Stuart has been building his musical legacy for over five decades. At 13, he began touring with bluegrass legend Lester Flatt and at 21, he was performing with country music icon Johnny Cash.

The band, which includes Chris Scruggs, son of bluegrass musician Earl Scruggs, just released their new album “Way Out West.” It paints a psychedelic picture of Los Angeles for a rhinestone cowboy in the ’60s. An ode to the hours spent driving all night, passing countless neon signs with the Mojave Desert on the horizon, the album is a little bit country, a little bit rockabilly, with a lot of the L.A. flashiness and showmanship and the twang of surfer guitars.

 

The album, Stuart tells Fender.com, “is really a love letter to California.”

The band has a reputation for producing that classical 1950s outlaw-rockabilly sound while exploring ways to push the envelope. Featuring a moody Spanish rift, an alluring gospel track, string poppin’ highway licks and trippy harmonic sparkles about being lost in the desert, “Way Out West” does not disappoint.
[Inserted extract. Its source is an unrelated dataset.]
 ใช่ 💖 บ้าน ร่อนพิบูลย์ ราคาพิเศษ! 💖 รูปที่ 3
When asked what advice he would give to someone just getting into country music, Stuart told Never-Nervous.com, “Listen to what everybody sounds like, then get as far away from that as you possibly can."

The band simultaneously worked on both the psychedelic “Way Out West” album and a “hillbilly surf band record” that has yet to be titled but already has 15 tracks cut, Stuart tells Leaderpost.com.
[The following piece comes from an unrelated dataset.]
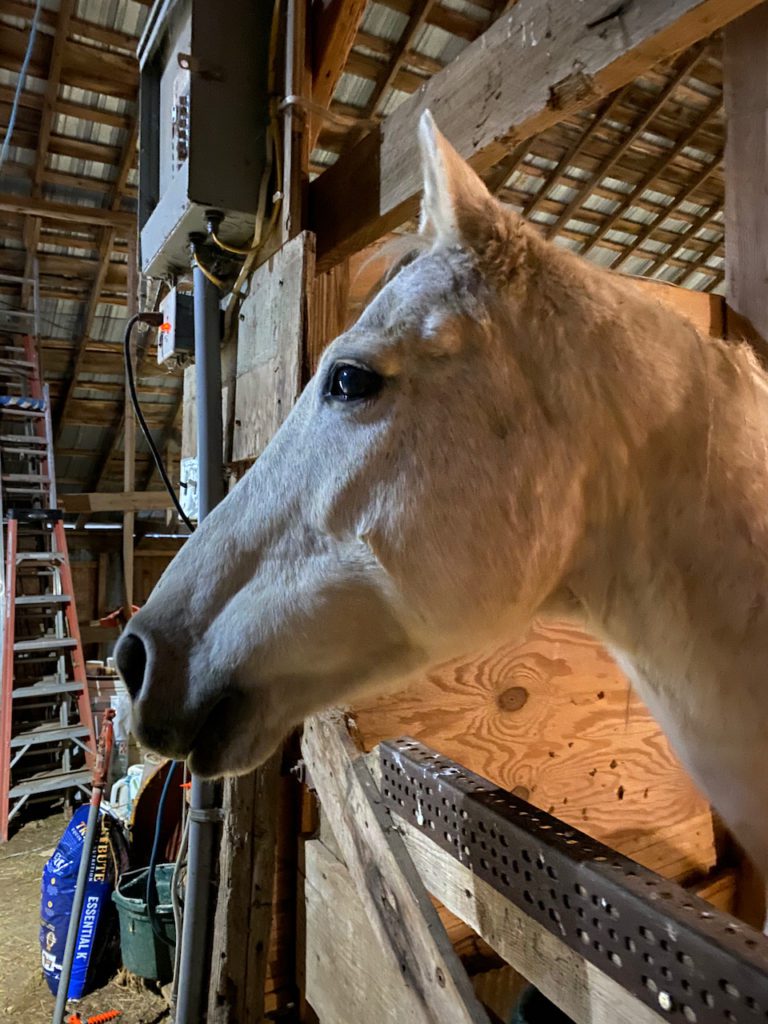 A gray OTTB gelding looks out from his stall at his new home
This summer, the band will be joining fellow country star Chris Stapleton’s All-American Road Show.

Stuart has been a steward for all things country music throughout his distinguished career. Boasting one of the world’s largest country music memorabilia collections, Stuart plans to open the Congress of Country Music in his hometown of Philadelphia, Miss. The project includes a museum of Stuart’s personal collection of over 20,000 records and artifacts, a concert venue, and the Marty Stuart Center, which is devoted to serving students who want to learn about the vast array of career options in the music industry.